Housing starts, a key for the lumber industry, are projected to have plummeted 39 percent this year to 551,000, the lowest volume since 1945, the association says. Housing starts are forecasted to grow 21 percent next year to 668,000, it says.
"We don't expect housing starts to exceed 1 million units before 2012," Jackson says.
Mark Benson, a spokesman for Spokane-based timberland and lumber company Potlatch Corp., says, "We believe we've seen the bottom of this market. The trend is in the right direction (now), but the next several months are going to be a kind of wait-and-see as to how much improvement we'll actually see."
Meanwhile, Clearwater Paper Corp., the pulp and paperboard company spun off by Potlatch a year ago, has had a good year fueled by tissue operations, says spokesman Matt Van Vleet. Clearwater focuses more on making tissue sold under private labels at grocery chains, as well as paperboard for cartons, packaging, cups, and other uses.
The company does, however, operate one lumber mill, at its sprawling Lewiston, Idaho, complex, and that mill, like others, is suffering the effects of low lumber demand, Van Vleet says.
"As the home building industry goes, so does our saw mill," he says.
Shawn Church, editor of Random Lengths, a Eugene, Ore., publication that tracks lumber prices, says prices aren't back to what mills have considered healthy levels, but are up from the bottom of the trough.
Random Lengths' reported composite price for framing lumber has averaged $219 per thousand board feet through the first 11 months of this year, down from full-year annual averages of $252, $284, $327, and $387 in the previous four years. Random Lengths' composite price for 1,000 square feet of structural panel has averaged $258 through November, compared with yearly averages of $292, $298, and $315 in the previous three years.
"Producers have squeezed production down to a level that meets historically low demand," Church says.
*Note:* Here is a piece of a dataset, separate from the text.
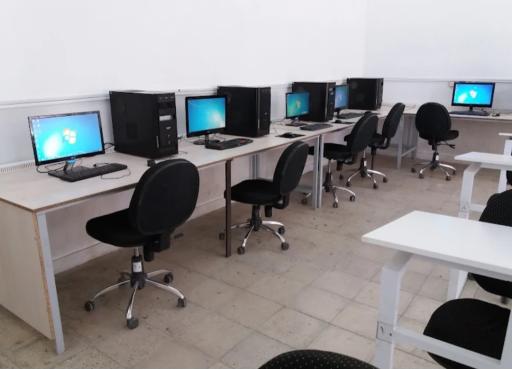 عکس هنرستان فنی خوانسار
Still, "There's more optimism this year than there was at this time last year," Church says. Last year, retailers and distributors had larger inventories than now, but have shrunk them to "bare bones" levels, and producers also have shrunk their output, he says.
"There's a better sense that supply and demand are now equal, and that gives traders a better sense that the market holds better prospects," Church says.